Dual-template-driven in-situ synthesis of Cu-SSZ-39 catalysts: Synergistic structure regulation for excellent NH3 -SCR activity and hydrothermal stability

Abstract

The speciation and distribution of Cu in SSZ-39 Zeolite have a significant influence on its catalytic activity and hydrothermal stability in NH3 -SCR. Herein, we report a dual-template-driven in-situ synthesis strategy to fabricate Cu-SSZ-39 catalysts, where N,N-dimethyl-3,5-dimethylpiperidinium cation (DMDMP + ) and copper ammonia complex (Cu-TETA) collaboratively regulate framework topology and copper speciation. Series of Cu-SSZ-39 catalysts with different Cu content (1.3, 3.6 and 5.8 wt.%) with similar cubic structure were prepared. Unlike conventional post-synthesis ion-exchange methods, this dual-template-driven in-situ synthesis strategy enables the simultaneous crystallization of the SSZ-39 framework and incorporation of isolated Cu 2+ ions at framework Al sites. The DEDMP + template directs the formation of 8-membered ring micropores with enhanced structural crystallinity, while triethylene tetramine (TETA) coordinates with Cu ions to suppress CuO x clusters formation.
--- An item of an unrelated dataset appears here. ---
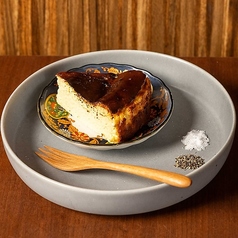 自家製バスクチーズケーキ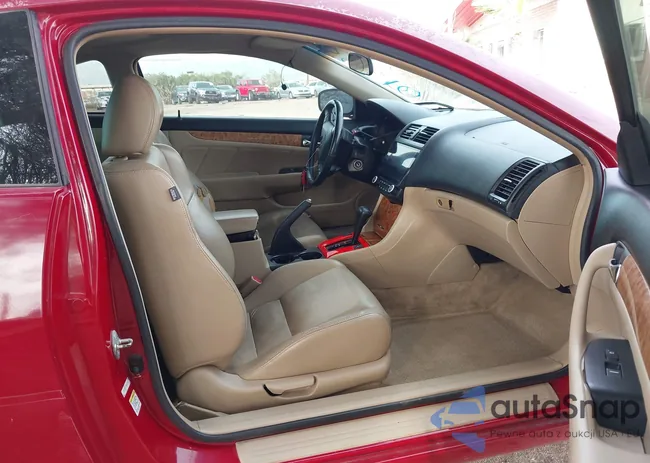 1HGCM82695A013642: 44370672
The dual-template synergy stabilizes [Cu(OH)]⁺ active sites while strengthening acid sites, which collaboratively facilitate the conversion of NO at low temperatures (<250°C). The hydrothermal aging tests demonstrate that the in-situ synthesized catalysts have higher hydrothermal stability, attributed to spatially confined Cu 2+ ions that mitigate dealumination through strong Al-O-Cu bonding. As a consequence, the optimized Cu 3.6 -SSZ-39 catalyst demonstrates exceptional NH3 -SCR performance, achieving >99% NO conversion between 225-525°C (GHSV=60,000 h -1 ) and maintaining >90% initial activity after 750°C for 10 h hydrothermal aging. This work establishes a paradigm for designing hydrothermal-resistant zeolite catalysts through synthesis control of active site architecture, providing critical insights for meeting stricter nitrogen oxide emission standards.